SOBRE “LO NORMAL Y LO PATOLÓGICO”

"Papá dijo: este niño no es normal; será mejor llevarlo al hospital".

Leyendo Una teoría sexual de Sigmund Freud, encontré la siguiente nota: “En sentido psicoanalítico es también, por lo tanto, un problema necesitado de aclaración el interés sexual exclusivo del hombre por la mujer y no tan sólo algo natural, basado últimamente en la atracción química ”. Más adelante, Freud asegura que la elección de objeto sexual para cada individuo es, en efecto, una elección, lo cual lleva implícito, el que constituye un acto distinto a la mera programación fisiológica y que ocurre en un espacio temporal de la vida del sujeto, que según el propio Freud, corresponde con la pubertad y depende de varios factores que acepta, aun le resultan desconocidos, pero que sin duda tienen su origen en la interacción del individuo con su medio ambiente.

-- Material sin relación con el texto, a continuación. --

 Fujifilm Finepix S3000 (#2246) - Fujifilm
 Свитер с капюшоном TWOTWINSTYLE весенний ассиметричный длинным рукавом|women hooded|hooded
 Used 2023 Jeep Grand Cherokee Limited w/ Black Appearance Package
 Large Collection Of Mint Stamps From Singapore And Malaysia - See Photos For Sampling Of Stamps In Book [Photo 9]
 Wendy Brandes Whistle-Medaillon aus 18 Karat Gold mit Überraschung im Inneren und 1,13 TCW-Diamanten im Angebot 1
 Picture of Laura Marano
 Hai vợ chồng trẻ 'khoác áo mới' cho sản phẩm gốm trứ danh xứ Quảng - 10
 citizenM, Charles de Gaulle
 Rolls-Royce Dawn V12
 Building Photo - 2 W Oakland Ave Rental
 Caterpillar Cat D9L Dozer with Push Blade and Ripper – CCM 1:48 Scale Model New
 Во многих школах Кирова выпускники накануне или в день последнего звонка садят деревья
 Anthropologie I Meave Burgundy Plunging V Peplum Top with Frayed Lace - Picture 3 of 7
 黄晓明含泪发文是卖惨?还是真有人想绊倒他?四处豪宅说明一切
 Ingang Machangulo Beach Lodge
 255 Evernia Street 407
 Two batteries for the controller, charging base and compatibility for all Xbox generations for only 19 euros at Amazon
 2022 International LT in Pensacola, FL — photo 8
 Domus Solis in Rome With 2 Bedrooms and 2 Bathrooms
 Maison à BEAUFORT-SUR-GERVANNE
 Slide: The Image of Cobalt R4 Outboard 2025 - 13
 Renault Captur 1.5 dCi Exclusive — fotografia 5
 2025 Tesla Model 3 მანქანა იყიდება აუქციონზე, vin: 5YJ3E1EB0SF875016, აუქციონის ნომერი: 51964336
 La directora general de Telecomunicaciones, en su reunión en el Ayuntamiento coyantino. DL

Nuestro genial maestro era un hombre convencido de la postura epistemológica que propone que en el acto de conocer, sujeto y objeto sostienen una relación dialéctica en la que quien conoce modifica al objeto que es conocido y a su vez es modificado por él, de tal suerte que uno y otro, irremediablemente, ya no son los mismos. En este contexto, resulta de particular interés la nota citada, pues la idea común es que son las relaciones erótico-afectivas no heterosexuales las que deben hallar una justificación, ya sea biológica o en el campo de las taxonomías psicoclínicas, para su propia existencia. Para Freud, también aplica a la heterosexualidad la clásica pregunta “¿El homosexual nace o se hace?” y con ello nos introduce de lleno, de acuerdo a su costumbre, en la reflexión crítica de ideas y situaciones tan ampliamente difundidas y aceptadas, que parecen resultar inamovibles.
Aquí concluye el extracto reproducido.